# Notebook for parser development

In [1]:
## not for parser. for notebook only 

## CX: allows multiple lines of code to print from one code block
from IPython.core.interactiveshell import InteractiveShell
InteractiveShell.ast_node_interactivity = "all"

## Loading data

Current approach: loading all files into 1 pandas dataframe (currently (4721, 21)). Then I can...
1. check the duplicates situation (key columns vs all columns) and raise errors if need be
2. remove duplicates before generating documents
3. Do some tasks column-wise over all the data, rather than while iterating over rows

If I did the generator approach (load files 1 by 1, 1 row at a time), I'd have to modify how I do things:
1. Don't do this check/raise errors.

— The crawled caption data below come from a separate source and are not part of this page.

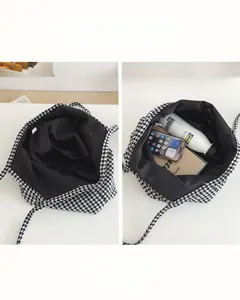 Macro view of the large capacity houndstooth tote bag interior with multiple compartments
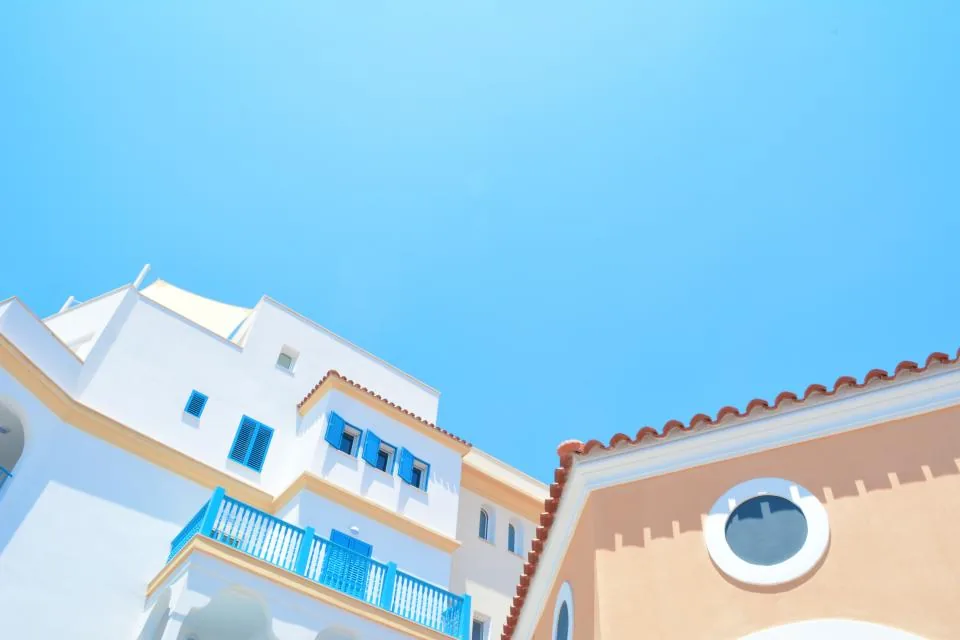 White residential buildings under a blue sky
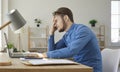 Tired, stressed, frustrated young man having problem while working on his laptop Royalty Free Stock Photo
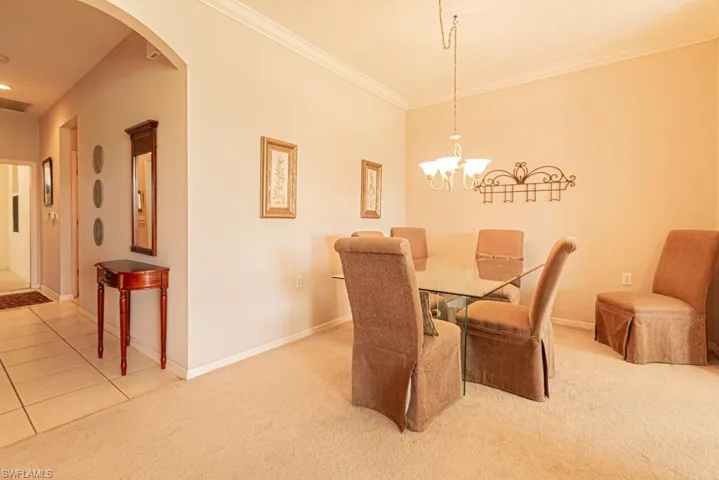 Carpeted dining space with a notable chandelier and crown molding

But try to mitigate potential "duplicate" issues: 
  * Sort all delimited strings
  * Use a hash of all column values (when they're all strings) for `_id`. Want rows with all the same values to produce the same hash
2. Either leave to BioThings toolset to remove duplicates, or could use a set of `_id` hashes so far to check/not create duplicate docs.
3. Do the tasks on single rows/chunks (pandas [read_csv](https://pandas.pydata.org/docs/reference/api/pandas.read_csv.html#pandas.read_csv) has an iterator for rows/chunks! see iterator/chunksize parameters)


Notes:
* There are a few existing parsers that use `pandas` to load the entire raw data file at once: https://github.com/search?q=repo%3Abiothings%2Fpending.api%20pandas&type=code
* But there are other existing parsers that use `csv` to load the file **one row at a time** (generator): https://github.com/search?q=repo%3Abiothings%2Fpending.api+csv+reader&type=code

In [2]:
## put into parser: import statements
import pathlib
import pandas as pd
import glob


## unsure on putting into parser: more for notebook viewing/debugging...
pd.options.display.max_columns = None

In [3]:
## notebook code chunk

base_file_path = pathlib.Path.home().joinpath('Desktop', 'EBIgene2pheno_files', 'From_FTP')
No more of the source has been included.